Input data:
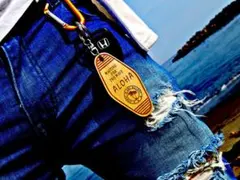 モーテルキーホルダー　ネームプレート　夏　格安　ハンドメイド　名入れ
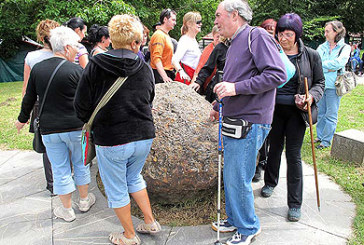 Baserritarras y ganaderos de la zona acompañarán mañana al santo casamentero en Urkiola
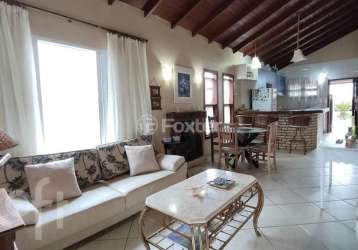 Casa com 2 quartos à venda na rua 500, 326, balneário ponta do papagaio (ens brito), palhoça, 120 m2 por r$ 800.000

Action item: Leaving each image aside, repeat the listing above exactly.

Answer space:
 モーテルキーホルダー　ネームプレート　夏　格安　ハンドメイド　名入れ
 Baserritarras y ganaderos de la zona acompañarán mañana al santo casamentero en Urkiola
 Casa com 2 quartos à venda na rua 500, 326, balneário ponta do papagaio (ens brito), palhoça, 120 m2 por r$ 800.000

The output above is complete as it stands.